Mechanical Edmonton

Here twilight blue skies ripple into
Chemical clouds a deep smoggy red
And underneath the pavement of the highways the
Spinning soils tumble into
The North Saskatchewan’s ice floes,
Chisel away its banks,
Inching it closer to all the fluorescent-lit
High-rises on the northern shore.

Mechanical motorized Edmonton rumbles
By, the No. 4 interior dimly lit
Against the falling of night that
Whines a B natural, one half step above
Nature’s normal hum of green and loam.
The lone passenger opens his vintage Fahrenheit 451
Book, the temperature burns
On the bus, he unzips himself against the
Heat, pulls the cord, then closes it, and puts it
Back into his satchel, his requested stop nearing.

He steps off, patent leather
Shoes crunch into the graying spring ice,
And feels the whirring electric wind of
Streetlights and sidewalks and speeding cars
Down roadways and rivers of melt that
Run down the ridges of time
And space, and the sky up above
A cacophony of peeking stars
And clouds and smog,

And hides, just a silhouette on his Android,
Clutching his satchel with his book all bundled up and
His parka zipped to his neck and his mittens on
Against the slow coming of spring
Inside the plexiglas bus stop with blue trim.
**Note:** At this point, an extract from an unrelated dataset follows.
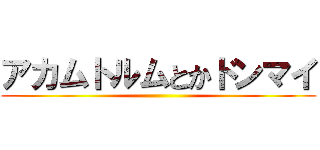 アカムトルムとかドンマイ ()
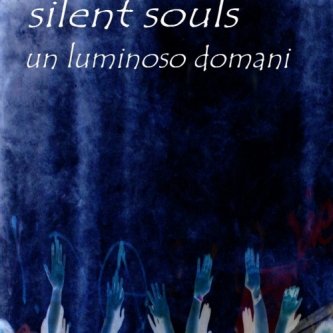 Copertina dell'album Un Luminoso Domani, di silent souls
Over
His head the twilight blue sky sits for a moment
And then slips away unnoticed into a deep
Deep black moonless night.

On the opposite horizon, moments before,
The sun sank down a delicate pink and orange,
Burning up the last pieces of daylight that smelled
Of motor exhaust and too many LED screens.
I stepped into a yellow streetlamp buzzing away
Patches of blue-gray night,
The first sweet whispers of spring rippled through my senses,
Replacing the throbbing in my head
With green and dampness, and my black boots
Splashed away brown and sooty snow

And beneath the bare and towering
Oak trees and an ever-darkening sky
I zipped down my jacket,
Removed my hood, let the
Resonance of the night breeze
Catch my crumpled hair.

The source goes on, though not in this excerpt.